I think he means like beer and fast food stocks doing good in a recession. Those stocks will still give a return in a better market. Not following?
McDonald's did really well in the recession, but chipotle, 5 guys, etc, have been doing really well now that the economy is better. People have more money for better quality.
>McDonald's did really well in the recession, but chipotle, 5 guys, etc, have been doing really well now that the economy is better
Exactly so why would I get both of them?
Wouldn't it more or less equalize my gains? Since when we're in a recession half my stocks would be doing poorly while the others would be doing well and the opposite during a bull period.
It's unlikely that you'd pick two stocks with perfectly negative correlation. You'd also fuck around with weights, so unless you weighted equally and somehow found two stocks that had that perfect negative correlation, you'd be fine.

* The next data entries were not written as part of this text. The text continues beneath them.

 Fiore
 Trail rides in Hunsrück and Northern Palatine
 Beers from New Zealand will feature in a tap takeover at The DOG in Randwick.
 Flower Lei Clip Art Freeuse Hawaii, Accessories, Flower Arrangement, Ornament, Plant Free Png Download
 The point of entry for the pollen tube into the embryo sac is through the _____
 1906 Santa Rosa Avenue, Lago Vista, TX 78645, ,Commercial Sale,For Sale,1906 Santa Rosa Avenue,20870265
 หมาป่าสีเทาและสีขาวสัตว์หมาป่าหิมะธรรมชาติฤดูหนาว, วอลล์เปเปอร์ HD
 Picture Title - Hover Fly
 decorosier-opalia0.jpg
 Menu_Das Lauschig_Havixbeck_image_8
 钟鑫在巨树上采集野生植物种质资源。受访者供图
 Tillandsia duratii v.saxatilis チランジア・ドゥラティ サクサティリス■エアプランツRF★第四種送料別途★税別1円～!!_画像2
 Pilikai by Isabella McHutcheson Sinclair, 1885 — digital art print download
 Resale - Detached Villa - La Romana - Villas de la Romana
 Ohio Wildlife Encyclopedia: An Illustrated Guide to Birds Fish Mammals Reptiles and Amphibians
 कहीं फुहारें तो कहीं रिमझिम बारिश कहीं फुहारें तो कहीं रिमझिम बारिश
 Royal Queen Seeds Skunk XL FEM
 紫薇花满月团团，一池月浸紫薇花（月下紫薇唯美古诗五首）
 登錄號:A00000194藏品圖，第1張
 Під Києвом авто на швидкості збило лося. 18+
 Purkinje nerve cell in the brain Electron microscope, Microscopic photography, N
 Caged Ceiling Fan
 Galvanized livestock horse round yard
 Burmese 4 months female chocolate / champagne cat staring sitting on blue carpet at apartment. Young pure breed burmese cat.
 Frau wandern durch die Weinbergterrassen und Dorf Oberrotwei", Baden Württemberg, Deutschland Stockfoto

Key thing is you want to optimize your portfolio, which means maximizing return while minimizing risk. If you know how to use solver in excel, you could put in your stocks and their betas (because the beta of a stock measures correlation between the stock and the market) and optimize to find your weights for the optimal portfolio.
I only know this because I took an investments class and we went over this. I mainly fuck around with commodity etf's cause they interest me, and I think investing in companies is boring.
Cool thanks anon. I'll look into this more.
As I said this is just memay stocks, in real life with real money I just buy one s&p ETF whenever I have enough that trading fee is a very small percent
Except McDonald's has posted massive losses because of Japan's market for foreign food drying up. Fast food might continue to do well in the US, where poor people waste their money, but the foreign market is going to disappear. Can McDonald's, or any fast food chain, survive a foreign demand implosion?
You lower returns (on average) but also lower risk(on average).
You don't net 0 Because that implies the stocks are perfectly inversely proportional and if that were true we'd be millionaires.